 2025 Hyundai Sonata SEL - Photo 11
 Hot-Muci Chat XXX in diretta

======

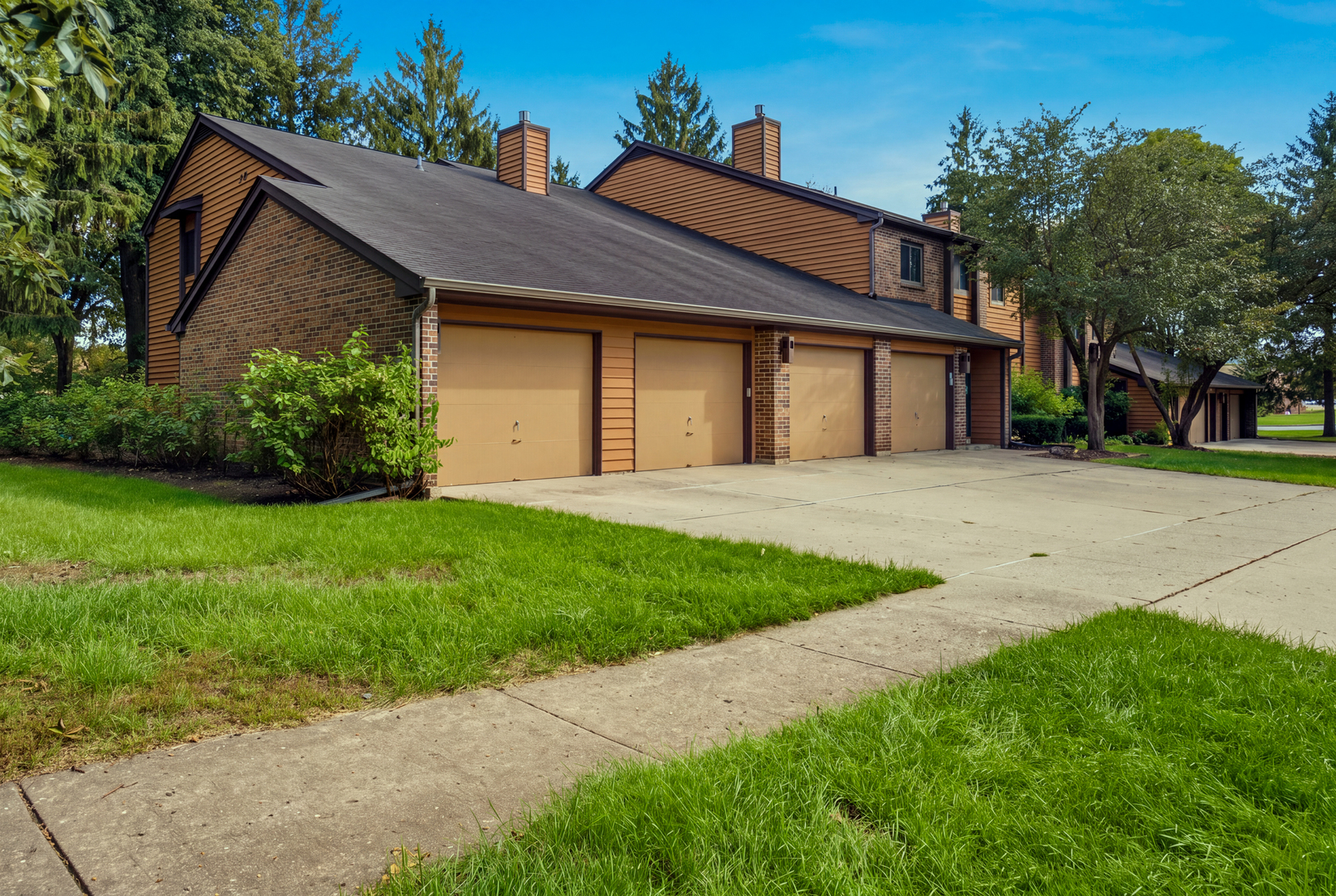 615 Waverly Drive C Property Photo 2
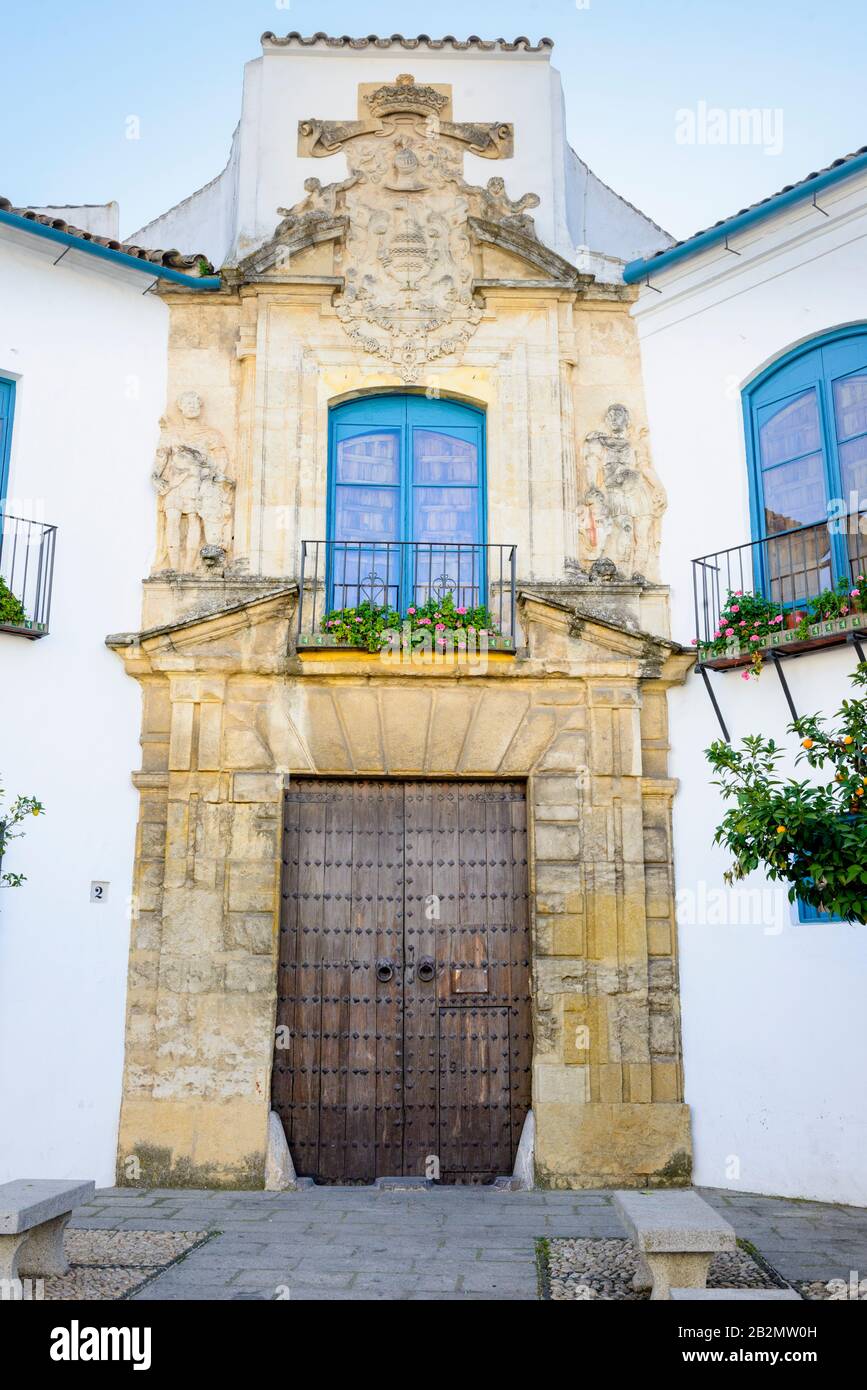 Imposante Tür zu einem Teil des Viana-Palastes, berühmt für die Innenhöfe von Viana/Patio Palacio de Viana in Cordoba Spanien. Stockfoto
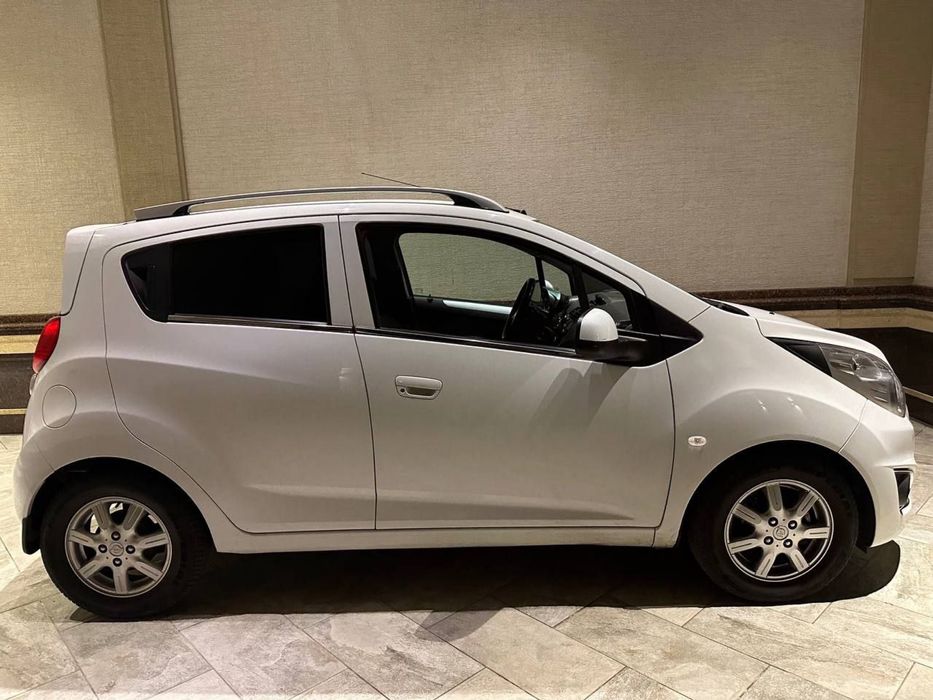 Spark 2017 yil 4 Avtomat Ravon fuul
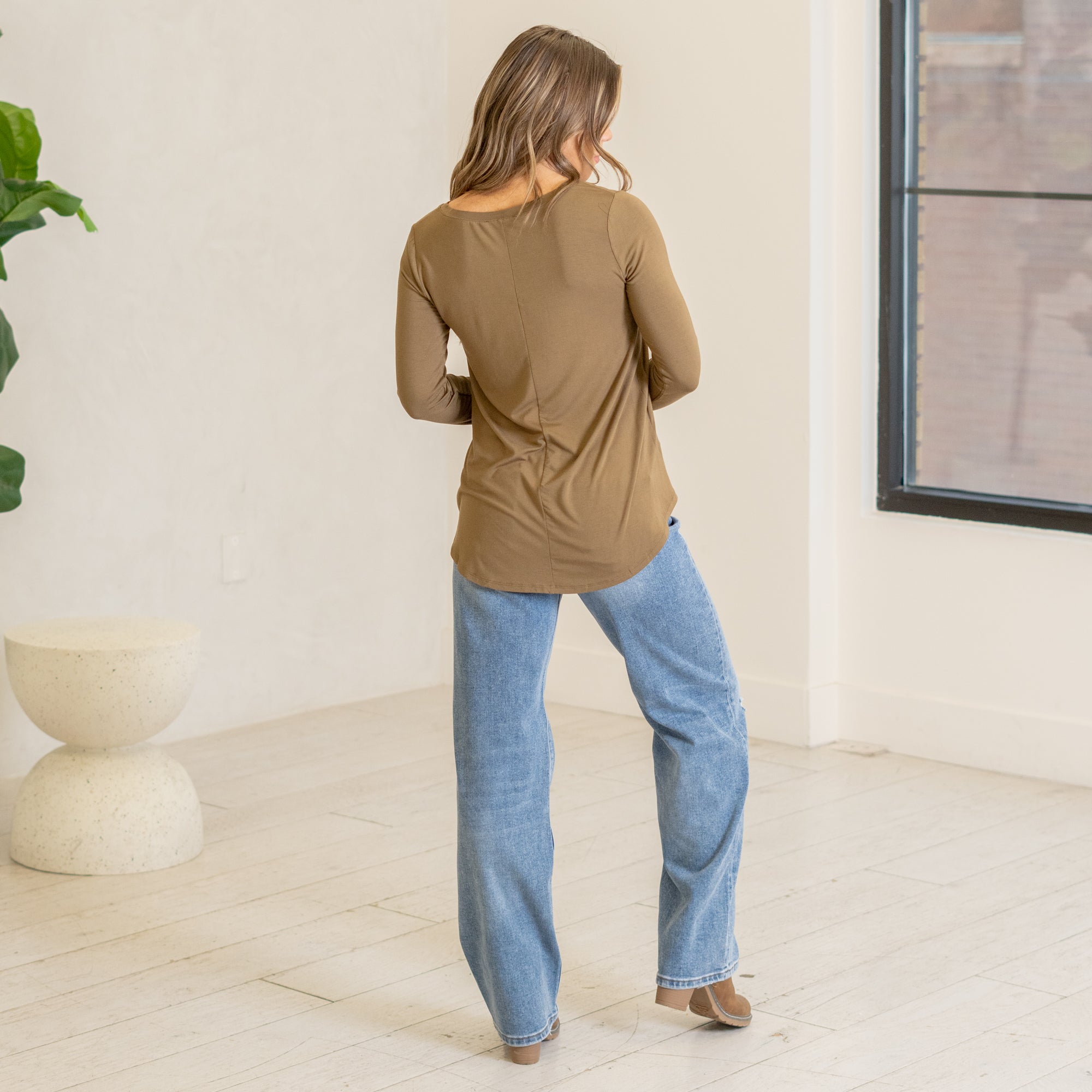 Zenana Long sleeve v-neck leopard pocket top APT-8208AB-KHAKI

======

## [TASK REQUIREMENTS]
In the entries above, please find the line with "2025 Hyundai Sonata SEL - Photo 11" and the line with "Hot-Muci Chat XXX in diretta", then write out exactly those two lines and every line between them, and nothing more.

## [RESPONSE BOX]
 2025 Hyundai Sonata SEL - Photo 11
 Hot-Muci Chat XXX in diretta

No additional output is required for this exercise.